System Power Delivery Balances Performance, Efficiency and Cost
Power delivery for high-performance processors must navigate myriad challenges. Ideally, the power delivery network primarily operates at very high voltage for transmission efficiency, but ultimately provides a low and stable supply voltage to the CMOS logic that implements the processor. The power conversion, from AC to DC and from high-voltage to low-voltage should be as efficient as possible.

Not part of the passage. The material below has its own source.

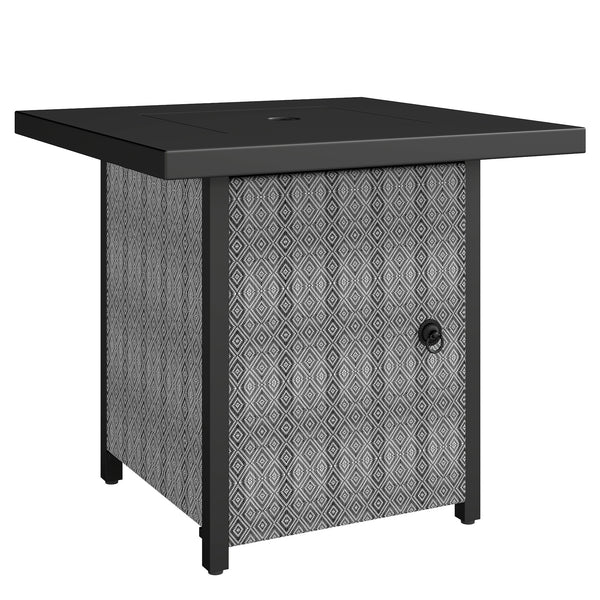 Propane Gas Fire Pit Table for Garden, 11.7 KW Smokeless Firepit Outdoor Heater with Wind Guard, Glass Rocks, Lid, Diamond Pattern Sides, Outdoor Garden Dining Table, 71 x 71 x 63cm, Black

At the same time, the current required by the processor is changing constantly in response to dynamic conditions such as the mix of instructions or the DVFS system. To buffer against these near instantaneous changes and reduce power supply noise, modern designs use decoupling capacitors at nearly every level of the power delivery network from the motherboard to the processor die itself. Faster and more responsive power delivery networks require less decoupling capacitance. Zooming into the processor itself, there are a number of on-die capacitor options. The simplest is using regular transistors, which are easy to place and work on any process technology but are fairly inefficient. However, many semiconductor manufacturers also offer superior capacitors built with special process technologies or circuit designs such as MIM capacitors in the metal layers and less commonly, deep trench capacitors in the silicon or interposer substrate.
These variables are all related: process technology, decoupling capacitors, DVFS systems, voltage regulators, etc. and processor designers must account for all of them to deliver the best performance, efficiency, and cost.